Your First Race … It’s Time, Tiger!

4 months ago | Words: Andy Wigan | Photos: Donat O'Kelly, Sal Aloisio

Why do most people ride their dirt bike, but never race it? Because stepping up from casual rider to dog-eat-dog racer would take the fun out of it, right? Or would it? What if you could get a taste of racing by joining your mates on a team and racing purely for fun? What if racing actually turned out to be more fun than riding?
Well, consider the five main reasons why Transmoto Enduro events attract more first-time racers than any other event in the country…


Race it or ride it; run a motocross weapon or trail sled; fly in and fly out or make a weekend’s surf-and-moto roadtrip out of it with your mates … take your pick. At Transmoto Enduro events, people take the racing as seriously or lightheartedly as they want to. All the organisers want to know is that they’re enjoying themselves. After all, “It’s the vibe of the thing”. It’s all about fun, not officialdom; about back-slappin’, high-fivin’, trash-talkin’, roost-throwin’, road-trippin’, campfire-yarnin’, mate-racin’, fun-lovin’ good times. That’s why these events usually sell out overnight.


Racing solo can be intimidating, especially if you’re new to it. Racing as part of a multi-rider team, on the other hand, means you’ve got a ready-made support network in your corner. You can even share one (or all) of your teammate’s bikes, if they’re up for it. Even though it may technically be a six-, eight- or 12-hour race, there’s a few of you to carry the racing load, which means you’ve got time off the bike to enjoy your surroundings. Meet the crew in the neighbouring pit plot. Indulge in a hand or forearm massage. Steal a cheeky snooze. Cruise trade alley. Wander over to the far side of the pits to suss out that tricky corner. Take a squiz at how the team is going on the timing screen (if that even matters to you). In short, enjoy the experience; the race that doesn’t feel like a race. We suspect this is exactly why, for half the entrants at every Transmoto event, it’ll be the only race they enter all year. If your team rides like a busted arse, you’ve got the perfect excuse: simply blame your sluggish teammates for finishing way down the results sheet. If you end up killing it, then remind everyone how you carried those bozo teammates of yours to a better-than-expected result. Either way, you win … until you realise no one even cares where the team finished.


The events’ 15km-long race loops intentionally don’t include extreme obstacles. Sure, depending on the venue, there’s the odd creek crossing or rocky hill or rough section, but the courses are designed to challenge riders’ endurance, not their obstacle-conquering skills. Each loop includes multiple areas where fast guys can pass slower riders safely, and any technical sections have a ‘chicken line’ for those who don’t feel quite up to the task.
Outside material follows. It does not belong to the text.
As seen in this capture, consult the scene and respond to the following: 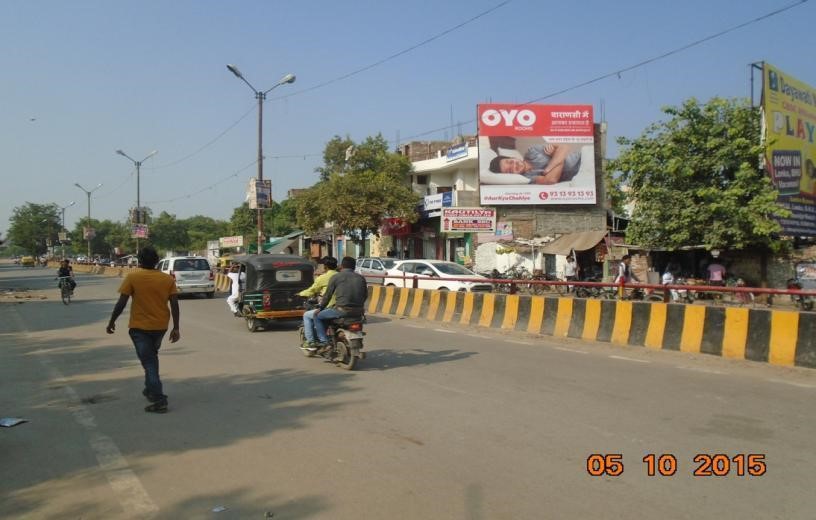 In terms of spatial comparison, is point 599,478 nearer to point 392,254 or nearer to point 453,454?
point 453,454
Admittedly, the courses do get pretty rough by the end of the event, but as track deterioration is a gradual process, you get the chance to adapt and adjust your suspension clickers accordingly (if you’re that serious). Either that or put your feet up in the pits and send a teammate back out to face the bumpy music. A majority of riders sign up as a ‘Weekend Warrior’ team, which reflects the fact a majority pay for their bikes, parts, gear, travel costs and race entries in cold hard cash, and like nothing more than simply getting out there and tearing around on their bikes with their mates on the weekend. It’s the Weekend Warriors who get the brightest media spotlight and biggest prize bootie.


Aside from the reassuring fact your teammates have got your back, there are also 15 experienced sweep riders out on the race loop, whose primary job is to make sure you don’t get stuck or lost or tangled in bunting, and give you the best chance of greeting the chequered flag at the end of the day with a smile on your dial. And if things do go tits-up, rest assured there’s a super-experienced emergency medical team on hand to look after you and your teammates, with vehicular access to the entire track.
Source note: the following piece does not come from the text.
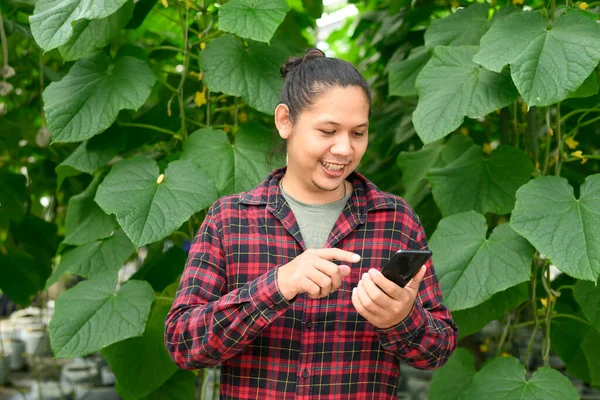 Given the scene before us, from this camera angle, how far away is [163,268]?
2100 mm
C’mon, admit it. You’ve always wanted to say that you race your dirt bike, rather than simply ride it, right? Who doesn’t want a little Steve McQueen race cred by casually referring to “last weekend’s race” in public? But there’s more to it than that. Transmoto’s Enduros are one of the very few events in the world where first-time racers get the opportunity to share a racetrack and campfire yarn with some of the world’s best Pro racers. If you’re interested, you can even compare lap times with these Pros in mufti. Most entrants, however, are there simply to have fun and call themselves a finisher. Or at least say they gave it a red-hot crack.